Giuseppe Tornatore parla di Leningrad, il colossal da 100 milioni di dollari incentrato sull’assedio nazista alla città russa, che dirigerà prossimamente, in un’intervista rilasciata a Il Corriere della sera:
Dovremmo iniziare l’anno prossimo [a girare]. Il condizionale è d’obbligo vista la lunghissima gestazione del film. La prima volta che me lo proposero, nel ’93 ebbi paura. Pensai a Sergio Leone, morto prima di realizzarlo. Rifiutai anche una seconda volta. La terza dissi sì. Per cinque anni, dal 2000 al 2005 lavorai solo a quello, anche se dopo tutto si fermò, Mi trasferii a San Pietroburgo, andai a frugare negli archivi, consultai materiali inediti, parlai con i sopravvissuti. Mi innamorai di quella storia tragica e straordinaria: tre milioni e mezzo di cittadini pronti a perire di fame e stenti pur di non arrendersi. Un milione morì, ma la città vinse.

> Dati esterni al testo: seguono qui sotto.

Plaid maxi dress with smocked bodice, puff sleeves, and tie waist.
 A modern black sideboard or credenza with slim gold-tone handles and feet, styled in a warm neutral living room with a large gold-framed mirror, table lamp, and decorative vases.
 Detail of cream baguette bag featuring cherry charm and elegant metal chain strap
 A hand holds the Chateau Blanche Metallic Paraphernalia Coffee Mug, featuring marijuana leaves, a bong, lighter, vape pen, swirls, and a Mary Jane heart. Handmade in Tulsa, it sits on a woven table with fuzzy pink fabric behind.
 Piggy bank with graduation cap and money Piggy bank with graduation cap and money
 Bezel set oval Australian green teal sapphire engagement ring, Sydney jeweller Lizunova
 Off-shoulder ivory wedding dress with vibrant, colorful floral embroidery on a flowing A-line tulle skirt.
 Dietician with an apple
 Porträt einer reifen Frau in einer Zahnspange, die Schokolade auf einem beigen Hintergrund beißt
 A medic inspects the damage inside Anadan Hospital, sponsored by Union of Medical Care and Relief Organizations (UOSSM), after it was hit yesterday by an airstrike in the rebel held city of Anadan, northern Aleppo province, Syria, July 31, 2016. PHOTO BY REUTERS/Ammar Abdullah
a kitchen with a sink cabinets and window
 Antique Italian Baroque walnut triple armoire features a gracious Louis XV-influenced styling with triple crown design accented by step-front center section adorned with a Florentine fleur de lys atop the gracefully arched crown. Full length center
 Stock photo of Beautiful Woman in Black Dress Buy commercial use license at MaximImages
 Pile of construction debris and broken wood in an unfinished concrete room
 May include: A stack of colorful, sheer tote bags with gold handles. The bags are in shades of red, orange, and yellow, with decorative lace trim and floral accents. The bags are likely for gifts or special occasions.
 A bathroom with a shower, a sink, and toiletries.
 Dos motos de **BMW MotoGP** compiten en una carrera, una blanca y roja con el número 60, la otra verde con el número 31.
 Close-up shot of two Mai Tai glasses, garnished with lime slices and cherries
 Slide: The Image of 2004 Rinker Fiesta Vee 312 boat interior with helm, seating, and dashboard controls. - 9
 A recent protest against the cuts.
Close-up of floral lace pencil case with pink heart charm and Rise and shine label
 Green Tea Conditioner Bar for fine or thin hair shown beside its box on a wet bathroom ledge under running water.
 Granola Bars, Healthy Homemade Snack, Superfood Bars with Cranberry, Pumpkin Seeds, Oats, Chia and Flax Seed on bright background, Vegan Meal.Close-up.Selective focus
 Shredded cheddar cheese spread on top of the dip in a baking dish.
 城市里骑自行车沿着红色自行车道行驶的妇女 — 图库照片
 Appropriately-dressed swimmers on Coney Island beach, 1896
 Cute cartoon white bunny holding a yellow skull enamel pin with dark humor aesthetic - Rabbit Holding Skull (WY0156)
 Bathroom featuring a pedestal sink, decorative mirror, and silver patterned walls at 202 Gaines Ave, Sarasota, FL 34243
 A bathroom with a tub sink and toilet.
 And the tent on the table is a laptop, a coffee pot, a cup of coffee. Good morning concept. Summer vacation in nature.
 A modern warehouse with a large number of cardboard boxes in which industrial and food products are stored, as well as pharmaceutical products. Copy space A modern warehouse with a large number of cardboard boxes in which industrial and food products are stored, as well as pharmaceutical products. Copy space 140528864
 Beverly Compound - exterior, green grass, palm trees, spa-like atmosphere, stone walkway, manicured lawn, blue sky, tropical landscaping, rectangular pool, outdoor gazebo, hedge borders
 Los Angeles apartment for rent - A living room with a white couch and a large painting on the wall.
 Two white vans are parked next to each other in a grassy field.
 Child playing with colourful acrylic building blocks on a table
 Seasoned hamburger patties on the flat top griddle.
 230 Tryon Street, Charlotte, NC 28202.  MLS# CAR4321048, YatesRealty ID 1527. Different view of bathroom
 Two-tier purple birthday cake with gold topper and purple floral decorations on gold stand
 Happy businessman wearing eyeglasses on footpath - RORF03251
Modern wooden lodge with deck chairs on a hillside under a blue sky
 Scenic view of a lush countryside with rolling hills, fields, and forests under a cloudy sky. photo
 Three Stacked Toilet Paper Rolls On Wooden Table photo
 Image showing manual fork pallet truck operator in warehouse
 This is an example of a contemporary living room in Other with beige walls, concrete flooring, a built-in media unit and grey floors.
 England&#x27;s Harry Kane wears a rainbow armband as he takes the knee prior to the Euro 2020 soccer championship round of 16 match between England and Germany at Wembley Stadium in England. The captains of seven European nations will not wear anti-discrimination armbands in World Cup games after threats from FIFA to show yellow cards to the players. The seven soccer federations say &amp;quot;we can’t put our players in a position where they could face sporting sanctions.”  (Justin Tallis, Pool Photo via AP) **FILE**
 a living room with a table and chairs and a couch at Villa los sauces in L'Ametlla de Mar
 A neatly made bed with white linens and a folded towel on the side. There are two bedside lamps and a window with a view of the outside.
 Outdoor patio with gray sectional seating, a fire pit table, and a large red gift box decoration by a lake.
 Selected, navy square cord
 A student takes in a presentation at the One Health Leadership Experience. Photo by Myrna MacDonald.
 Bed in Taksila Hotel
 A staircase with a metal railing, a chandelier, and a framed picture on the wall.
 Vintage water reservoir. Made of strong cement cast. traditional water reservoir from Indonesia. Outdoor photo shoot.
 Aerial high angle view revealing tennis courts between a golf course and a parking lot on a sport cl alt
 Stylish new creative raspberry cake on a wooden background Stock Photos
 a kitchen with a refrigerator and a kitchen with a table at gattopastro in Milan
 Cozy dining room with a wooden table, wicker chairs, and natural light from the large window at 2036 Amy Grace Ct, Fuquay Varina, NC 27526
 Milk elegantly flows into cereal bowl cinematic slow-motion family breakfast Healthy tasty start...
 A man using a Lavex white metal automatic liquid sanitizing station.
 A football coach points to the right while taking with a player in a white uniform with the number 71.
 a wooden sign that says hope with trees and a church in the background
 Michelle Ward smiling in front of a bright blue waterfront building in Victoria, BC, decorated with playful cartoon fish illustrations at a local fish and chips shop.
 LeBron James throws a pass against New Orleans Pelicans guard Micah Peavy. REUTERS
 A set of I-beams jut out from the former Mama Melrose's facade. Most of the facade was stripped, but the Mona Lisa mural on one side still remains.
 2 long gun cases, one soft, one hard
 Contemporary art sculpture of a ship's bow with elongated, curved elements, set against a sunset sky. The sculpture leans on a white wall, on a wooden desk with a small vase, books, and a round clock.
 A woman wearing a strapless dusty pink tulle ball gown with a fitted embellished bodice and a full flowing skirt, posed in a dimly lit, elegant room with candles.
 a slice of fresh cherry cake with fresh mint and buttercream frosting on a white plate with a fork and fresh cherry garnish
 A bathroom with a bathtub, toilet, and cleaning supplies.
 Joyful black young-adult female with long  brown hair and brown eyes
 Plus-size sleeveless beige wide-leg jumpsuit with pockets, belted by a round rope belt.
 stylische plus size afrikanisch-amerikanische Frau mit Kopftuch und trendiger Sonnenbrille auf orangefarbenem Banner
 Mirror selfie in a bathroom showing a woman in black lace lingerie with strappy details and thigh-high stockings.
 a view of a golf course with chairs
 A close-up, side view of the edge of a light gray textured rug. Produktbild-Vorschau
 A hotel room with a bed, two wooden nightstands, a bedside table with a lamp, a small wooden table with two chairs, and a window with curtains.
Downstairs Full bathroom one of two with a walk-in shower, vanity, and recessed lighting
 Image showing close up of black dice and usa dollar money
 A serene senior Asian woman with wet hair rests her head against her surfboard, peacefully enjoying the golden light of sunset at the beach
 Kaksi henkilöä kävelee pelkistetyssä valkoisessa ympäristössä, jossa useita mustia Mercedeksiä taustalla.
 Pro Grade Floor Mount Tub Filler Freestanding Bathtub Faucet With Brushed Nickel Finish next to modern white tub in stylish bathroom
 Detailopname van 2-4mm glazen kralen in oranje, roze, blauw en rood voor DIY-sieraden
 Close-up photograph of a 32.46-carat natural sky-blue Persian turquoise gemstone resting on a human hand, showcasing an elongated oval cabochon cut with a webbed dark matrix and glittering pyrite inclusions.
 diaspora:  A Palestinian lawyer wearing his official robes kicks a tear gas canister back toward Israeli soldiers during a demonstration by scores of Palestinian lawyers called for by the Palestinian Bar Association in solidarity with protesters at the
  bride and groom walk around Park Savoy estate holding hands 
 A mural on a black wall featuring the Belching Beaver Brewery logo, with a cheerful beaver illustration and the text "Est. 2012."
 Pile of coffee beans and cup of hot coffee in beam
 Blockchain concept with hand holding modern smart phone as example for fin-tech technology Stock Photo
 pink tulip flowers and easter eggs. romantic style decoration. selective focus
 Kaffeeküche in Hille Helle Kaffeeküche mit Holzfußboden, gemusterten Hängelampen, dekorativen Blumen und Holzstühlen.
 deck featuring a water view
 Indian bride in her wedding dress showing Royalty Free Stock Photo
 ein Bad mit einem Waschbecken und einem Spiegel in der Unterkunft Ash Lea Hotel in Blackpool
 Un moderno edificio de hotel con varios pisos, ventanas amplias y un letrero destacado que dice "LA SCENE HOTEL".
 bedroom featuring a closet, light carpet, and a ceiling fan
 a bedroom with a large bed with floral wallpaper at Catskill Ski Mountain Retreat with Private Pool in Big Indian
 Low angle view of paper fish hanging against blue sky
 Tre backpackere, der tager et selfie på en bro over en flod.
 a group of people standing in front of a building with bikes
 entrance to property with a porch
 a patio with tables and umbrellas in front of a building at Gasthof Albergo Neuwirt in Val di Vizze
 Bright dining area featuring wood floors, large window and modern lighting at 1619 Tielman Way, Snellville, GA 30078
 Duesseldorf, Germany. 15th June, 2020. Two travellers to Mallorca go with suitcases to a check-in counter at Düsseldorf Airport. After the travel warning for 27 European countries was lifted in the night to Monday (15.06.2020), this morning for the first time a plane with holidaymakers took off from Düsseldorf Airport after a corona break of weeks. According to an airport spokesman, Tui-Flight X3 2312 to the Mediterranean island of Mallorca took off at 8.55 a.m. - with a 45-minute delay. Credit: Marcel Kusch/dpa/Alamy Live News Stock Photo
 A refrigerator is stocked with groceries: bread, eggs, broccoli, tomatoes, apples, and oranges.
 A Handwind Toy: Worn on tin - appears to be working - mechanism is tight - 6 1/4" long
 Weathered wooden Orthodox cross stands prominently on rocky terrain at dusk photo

Il cineasta si permette anche una riflessione sul futuro delle sale cinematografiche:
La sala cinematografica è in via di sparizione. Un dolore inevitabile per chi come me ha tanto amato quel mondo. Ma non mi impedisce di riconoscere che quello che arriverà non ci deluderà. La sala è stata un’esperienza straordinaria e nessun’altra potrà emularla. Però è vero che negli ultimi anni me ne sono disamorato. Troppo scadente la qualità tecnica delle proiezioni. Vedere un film “a fuco” è diventato sempre più raro. E se un tempo potevi andarti a lamentare con il proiezionista, adesso in cabina non c’è più nessuno, tutto va in automatico.